Well lets look at the wiring diagram, it appears that it doesn't matter which 3-way is replaced since it allows a resistive load to travel through the light regardless of rocker position. Did you get it connected correctly as far as the correct wire on the common screw (dark colored one)..? I'm groping here.


----------



## AllanJ (Nov 24, 2007)

If the light doesn't work (bulb burned out) the switch will not light up either.

It is conceivable that if the light being controlled is a compact fluorescent, there is something about its ballast that would prevent some kinds of illuminated switches (notably with neon lamps) from lighting up. Just for kicks, substitute an incandescent lamp.

The little lamp in the switch should be connected across the two traveler terminals internally. It should make no difference whether one or both switches are the illuminated kind.


----------



## handyman78 (Dec 29, 2007)

As AllanJ mentioned, I have had some Leviton illuminated 3-ways act up using flourescent lighting.


----------



## J187 (May 19, 2006)

Stubbie said:


> Well lets look at the wiring diagram, it appears that it doesn't matter which 3-way is replaced since it allows a resistive load to travel through the light regardless of rocker position.

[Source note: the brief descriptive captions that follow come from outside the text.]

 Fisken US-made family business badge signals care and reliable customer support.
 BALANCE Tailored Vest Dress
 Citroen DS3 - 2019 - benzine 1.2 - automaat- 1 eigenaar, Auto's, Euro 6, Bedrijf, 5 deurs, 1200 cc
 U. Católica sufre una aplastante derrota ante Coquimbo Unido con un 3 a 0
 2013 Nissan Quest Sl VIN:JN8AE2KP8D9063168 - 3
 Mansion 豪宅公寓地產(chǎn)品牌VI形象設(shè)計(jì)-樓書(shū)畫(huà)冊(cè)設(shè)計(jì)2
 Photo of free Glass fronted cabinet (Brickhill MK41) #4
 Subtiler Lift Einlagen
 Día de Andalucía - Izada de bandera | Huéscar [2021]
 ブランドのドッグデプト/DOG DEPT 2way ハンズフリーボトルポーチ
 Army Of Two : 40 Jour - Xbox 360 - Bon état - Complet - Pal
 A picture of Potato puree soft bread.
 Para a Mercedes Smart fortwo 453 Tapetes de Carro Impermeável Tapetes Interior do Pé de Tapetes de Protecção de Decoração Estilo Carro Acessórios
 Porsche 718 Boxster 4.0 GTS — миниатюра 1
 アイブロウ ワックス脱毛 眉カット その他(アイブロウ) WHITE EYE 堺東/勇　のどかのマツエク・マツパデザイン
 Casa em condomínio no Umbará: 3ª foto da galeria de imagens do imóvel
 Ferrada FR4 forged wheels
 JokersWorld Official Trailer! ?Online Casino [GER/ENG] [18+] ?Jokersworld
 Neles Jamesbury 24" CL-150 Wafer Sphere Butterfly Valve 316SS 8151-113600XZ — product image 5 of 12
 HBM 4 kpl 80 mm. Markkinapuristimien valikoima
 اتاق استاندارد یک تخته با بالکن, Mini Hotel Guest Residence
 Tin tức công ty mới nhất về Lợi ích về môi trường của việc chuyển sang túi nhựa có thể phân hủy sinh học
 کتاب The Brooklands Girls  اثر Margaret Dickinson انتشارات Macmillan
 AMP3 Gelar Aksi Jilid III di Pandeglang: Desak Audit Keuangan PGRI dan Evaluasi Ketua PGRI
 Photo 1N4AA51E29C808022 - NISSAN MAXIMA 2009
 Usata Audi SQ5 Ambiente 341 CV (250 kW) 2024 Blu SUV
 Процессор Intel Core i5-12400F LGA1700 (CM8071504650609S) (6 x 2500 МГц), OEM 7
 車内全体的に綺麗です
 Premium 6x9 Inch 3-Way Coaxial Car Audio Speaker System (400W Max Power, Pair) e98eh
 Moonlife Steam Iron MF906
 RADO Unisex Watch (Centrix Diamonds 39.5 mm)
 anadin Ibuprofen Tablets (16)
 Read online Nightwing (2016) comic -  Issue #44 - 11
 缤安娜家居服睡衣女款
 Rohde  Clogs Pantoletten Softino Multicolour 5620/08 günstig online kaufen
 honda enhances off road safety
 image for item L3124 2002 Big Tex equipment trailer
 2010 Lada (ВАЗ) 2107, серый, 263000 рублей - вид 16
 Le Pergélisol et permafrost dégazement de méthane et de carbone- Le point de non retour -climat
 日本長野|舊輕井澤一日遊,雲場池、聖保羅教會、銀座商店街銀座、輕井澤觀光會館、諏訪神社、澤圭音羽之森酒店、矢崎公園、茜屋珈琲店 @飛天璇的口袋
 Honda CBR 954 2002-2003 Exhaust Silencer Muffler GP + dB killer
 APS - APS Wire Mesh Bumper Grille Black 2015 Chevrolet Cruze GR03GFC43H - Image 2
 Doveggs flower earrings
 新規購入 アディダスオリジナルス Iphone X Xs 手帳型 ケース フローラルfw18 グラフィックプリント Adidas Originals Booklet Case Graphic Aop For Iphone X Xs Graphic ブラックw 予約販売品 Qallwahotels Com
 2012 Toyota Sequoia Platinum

Did you get it connected correctly as far as the correct wire on the common screw (dark colored one)..?


Yeah, it's definitely wired correctly. In fact, the switch operates perfectly. It just doesn't light up. 

You guys may have hit the nail right on the head though, this switch is most certainly controlling some flourescent lighting.... I will investigate.


----------



## forsunny (Oct 9, 2008)

Similar to the posts above, I recently (2-3 days ago) installed three decora illuminated 3 way switches on three circuits in my house recently. The other side three way switches are regular old non-illuminated toggle type. The three circuits work properly, but only one of the illuminated switches lights up correctly. The the other two on the other two circuits don not light up at all. I even exchanged one of the non-lighting switches with a new one from the store just to make sure the switch itself was not defective. Smae result. So I do not think that the switches are themselves defective unless these switches have an extraordinarily high rate of manufacturing defective pieces. There are only incandescent lamps on these circuits and no fluorescents/cfls.

There is only a couple of plausible explanations I can think for this. One is that either both ends of each circuits are required to have the illuminated switches instead of a regular non-illuminated switch. 

The second explanation I can think of is that the neon(I think) backlight illuminating the switch somehow depends on the capacitance of the whole ciruit to light up, because the switch on the longest circuit(more capacitance allowing more current through the neon backlight bulb) lights up, but the two on the shorter circuits don't.

If anybody has any explanation of how these illuminated switches work and/or how I can remedy my situation - Please help.


----------



## AllanJ (Nov 24, 2007)

How the illuminated switch with no neutral is supposed to work:

1. When the switch is "off" the little (neon or LCD) lamp in the switch actually completes a series circuit in place of the switch contacts. Because the little lamp draws so much less current than the load (larger lamp, appliance, etc.) the latter does not operate with the minute current passing through.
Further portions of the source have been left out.